4. You overassert your power: As the parent, you’re already the one in control of mostly everything, but that may not feel like enough for you. The moment you sense your child is flexing their wings and asserting control, you feel fear that this could mean they may one day not need you — or may no longer view you as the center of their universe. You combat this by talking crap about all their friends, none of which you think are “good enough” for them, and continually sending your child the message that they are helpless without your guidance. This in turn isolates your child from friends and family — another sign of gaslighting in Stern’s book.
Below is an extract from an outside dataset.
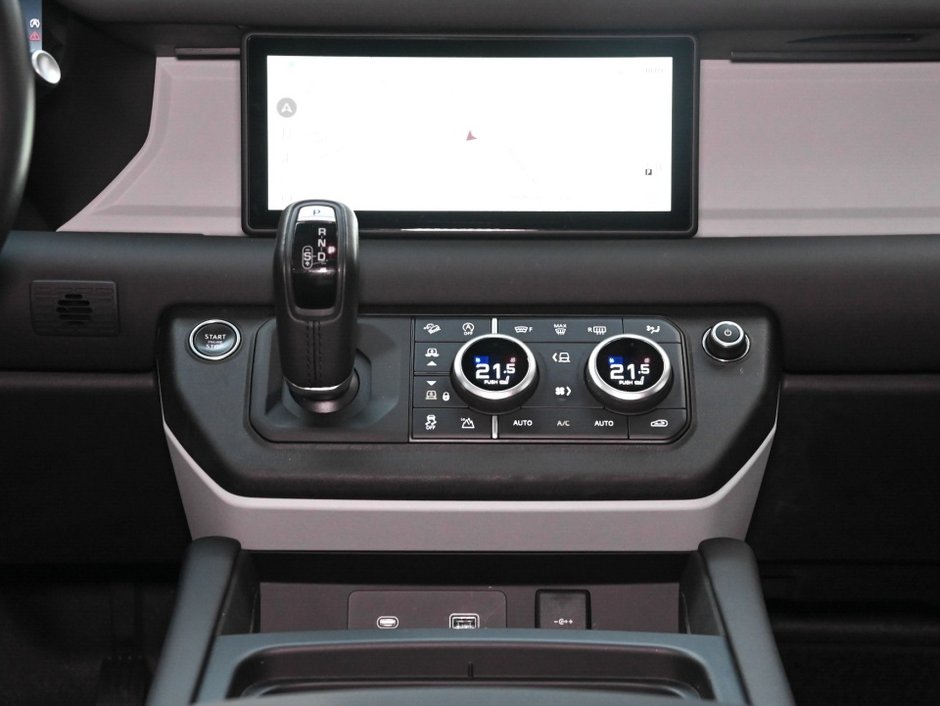 2024 Land Rover Defender S-18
5. You insist you know your children better than they know themselves: No one, not even your frustrated kid, can convince you that you may actually be wrong about their feelings and intentions. If you have it in your mind that they are responding a certain way because they’re angry or sad, you’ll tell them they’re lying or that they aren’t grown-up enough to understand.
Trivializing how your child feels instills doubt in their sense of judgment and memory — another sign from Stern’s book (constantly second-guessing one’s self).
6. You never apologize to your kids: Saying I’m sorry, to you, is the equivalent of surrendering all your power and having no worth as an individual. As the parent, you feel you never need to apologize and will typically wait as long as it takes for your child to come to you after a conflict — no matter who is actually at fault.
“[Gaslighters] have to be right about everything. Someone’s got to be wrong, and that is not going to be you,” Dr. Jeremy Sherman, a social science researcher and blogger at Psychology Today, told Health magazine.
Never owning your mistakes sends your kids the message that they can do very little right in life and that they aren’t worthy of an apology.